Robotic-Assisted Thoracoscopic (RATS) Enucleation of Esophageal Mesenchymal Tumors and Foregut Cysts

J. Clin. Med. 2022, 11(21), 6471; https://doi.org/10.3390/jcm11216471
by Yung-Hsin Chen †, Ke-Cheng Chen †, Pei-Ming Huang, Shuenn-Wen Kuo, Mong-Wei Lin and Jang-Ming Lee *
Reviewer 1:
J. Clin. Med. 2022, 11(21), 6471; https://doi.org/10.3390/jcm11216471
Submission received: 12 August 2022 / Revised: 20 October 2022 / Accepted: 22 October 2022 / Published: 31 October 2022
(This article belongs to the Section Pulmonology)

Round 1

Reviewer 1 Report

This is a single-center retrospective analysis of a case-series following robot-assisted resection of esophageal mesenchymal tumors. The authors present their results after surgical resection of a variety of mesenchymal tumors and cysts of the esophagus applying the robotic approach. However, the present manuscript’s significant issues require major revision.

 

       I.          This is not a novel study, as several previous publications have already presented their outcomes. It goes without saying that these should be mentioned and underlined in this study and, of course, this stands among the major disadvantages of the paper (lack of novelty, does not add much information on the existing literature). Looking at the recent references, not one of the existing case-series has been reported by the authors. i.e.

 

1.      Froiio C, Berlth F, Capovilla G, Tagkalos E, Hadzijusufovic E, Mann C, Lang H, Grimminger PP. Robotic-assisted surgery for esophageal submucosal tumors: a single-center case series. Updates Surg. 2022 Jun;74(3):1043-1054. doi: 10.1007/s13304-022-01247-z. Epub 2022 Feb 11. PMID: 35147859; PMCID: PMC9213313.

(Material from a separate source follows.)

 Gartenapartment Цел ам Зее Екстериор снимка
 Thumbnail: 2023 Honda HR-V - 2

2.      Yamamoto H, Ebihara Y, Tanaka K, Matsui A, Nakanishi Y, Asano T, Noji T, Kurashima Y, Murakami S, Nakamura T, Tsuchikawa T, Okamura K, Shichinohe T, Hirano S. Robot-assisted thoracoscopic esophagectomy for gastrointestinal stromal tumor of the esophagus: A case report. Int J Surg Case Rep. 2021 Sep;86:106335. doi: 10.1016/j.ijscr.2021.106335. Epub 2021 Aug 26. PMID: 34481133; PMCID: PMC8416945.

3.      Tribuzi A, Bencini L, Paolini C, Di Marino M, Coratti A. Robotic enucleation for oesophageal benign and borderline tumours: Less is more? Int J Med Robot. 2021 Feb;17(1):1-7. doi: 10.1002/rcs.2178. Epub 2020 Oct 12. PMID: 33010797.

 

     II.          Furthermore, in the introduction, the indications for resection of these tumors are confusing. The authors state “Surgical resection is generally indicated for diagnosing and treating symptomatic tumors or tumors larger than 5 cm” but in their methods they have included asymptomatic patients with smaller lesions.

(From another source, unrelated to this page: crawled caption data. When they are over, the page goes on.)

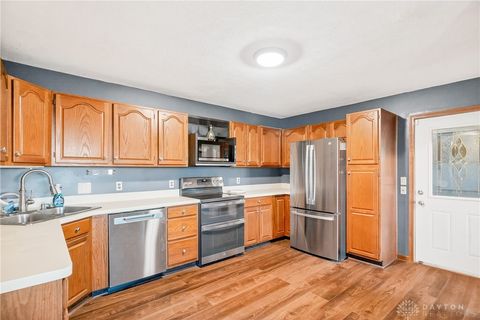 Tiny photo for 14666 Circle Drive, Sidney, OH 45365 (MLS # 946535)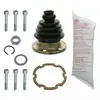 Febi-Bilstein 03328 Jeu de joints-soufflets, arbre de commande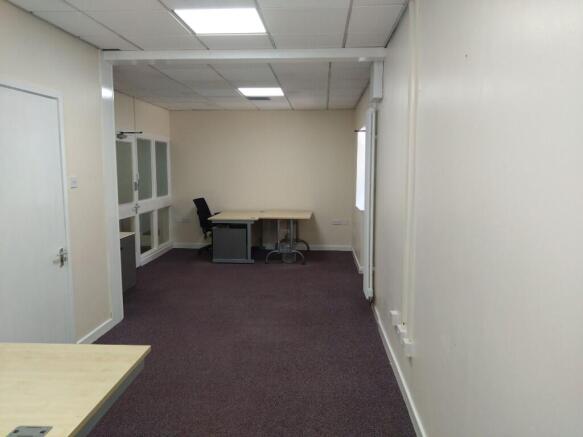 Room 6 Annexe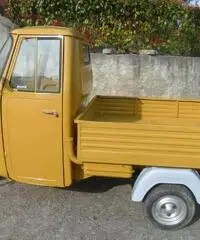 Piaggio Porter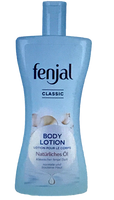 Fenjal Classic balsam do ciała z olejkami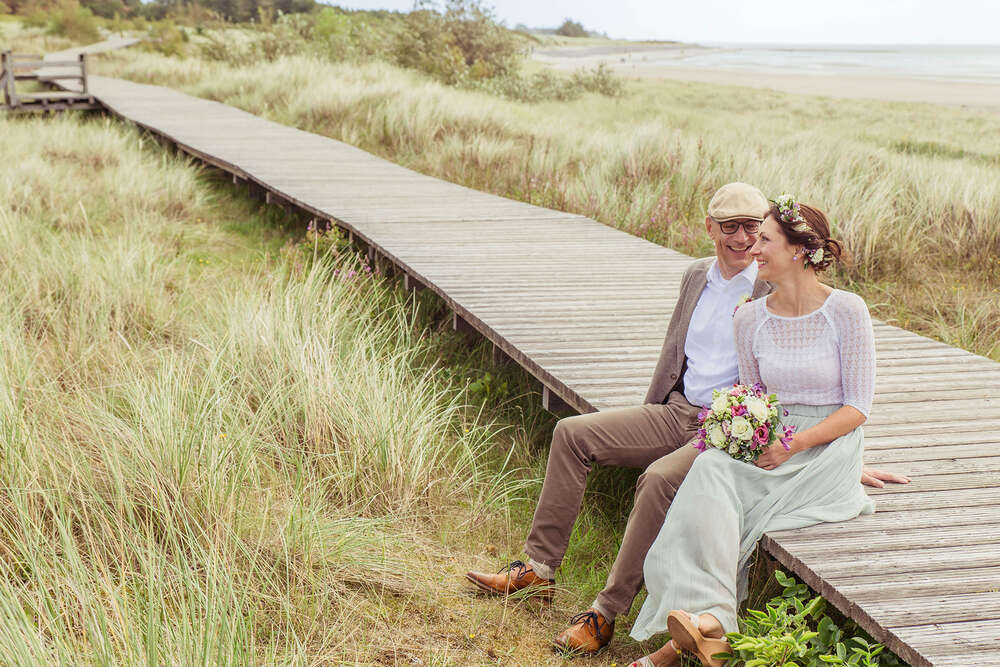 Gesa Riemann - Föhr Fotografie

Please clarify based on current guidelines.

 

   III.          EUS applied in the preoperative setting is of paramount importance. Although the cases included underwent preoperative EUS, two of the cases eventually underwent esophagectomy as an intraoperative decision making. Was preop.EUS not diagnostic for mucosal invasion? That is a significant change of the surgical plan and should be predetermined through accurate preop.imaging and not based on frozen section.

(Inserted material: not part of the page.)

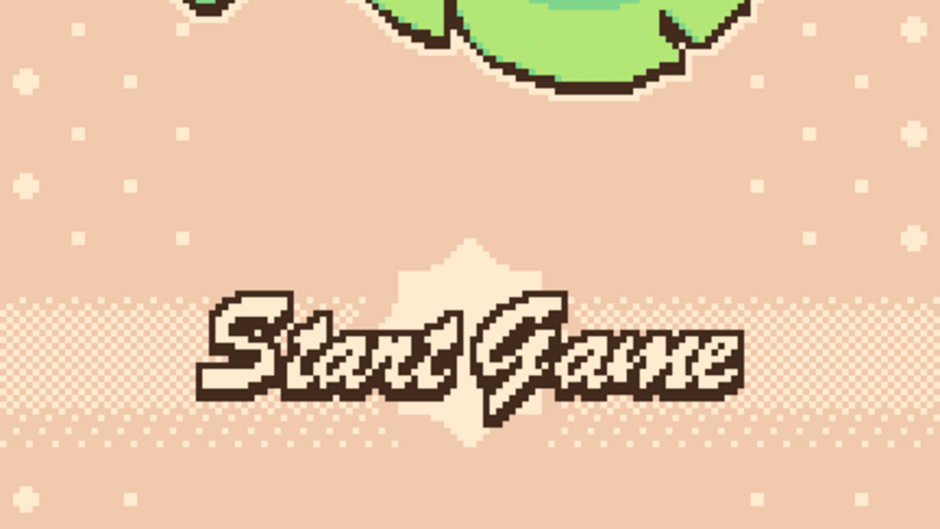 Coco Nutshake Screenshot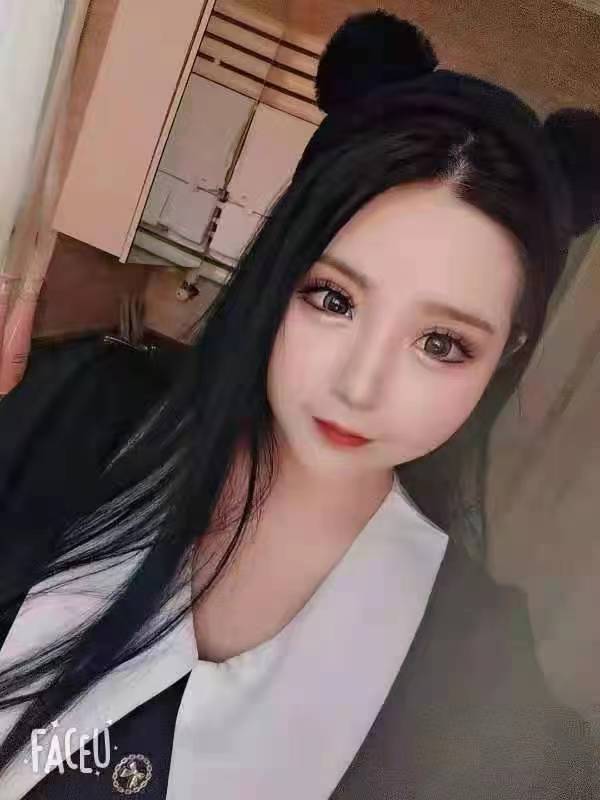 市北温柔乖巧小姐姐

  IV.          The manuscript needs major revision for typos and grammar inaccuracies. i.e.

1.      Abstract: “Although robotic-assisted thoracoscopic enucleation of esophageal tumors and cysts have been demonstrated in sporadic case reports, its clinical role is yet…”

2.       Introduction: “They are 33 mostly asymptomatic in adult patients, and surgical enucleation is suggested to prevent 34 cyst rupture, infection, bleeding, and rare malignant transformation”

3.      Introduction: “Although it has 38 been attempted severally…”

4.      Methods “Biopsy was not performed if benign esophageal tumors were suggested…”

 

    V.          It may be worth presenting a picture from the case diagnosed with the largest lesion (22cm lipoma)

  VI.          The term “dividing the esophageal serosa” is inaccurate, please clarify the esophageal layers

VII.          Lymphadenectomy is not applied for the resection of these tumors “Regional lymph nodes were also dissected for staging”. Why did the surgeon decide to proceed with lymph node dissection?

VIII.          The postoperative complications are not clearly reported. CLavien-Dindo classification would be very useful. Moreover, the hospital stay is very prolonged in many of the cases. Please comment on the reasons as this is a major issue taking into consideration the morbidity reported following standard resection of mesenchymal tumors and benign esophageal lesions.

  IX.          Immunohistology of the tumors resected could be reported. The role of adjuvant imatinib is neither reported in the text.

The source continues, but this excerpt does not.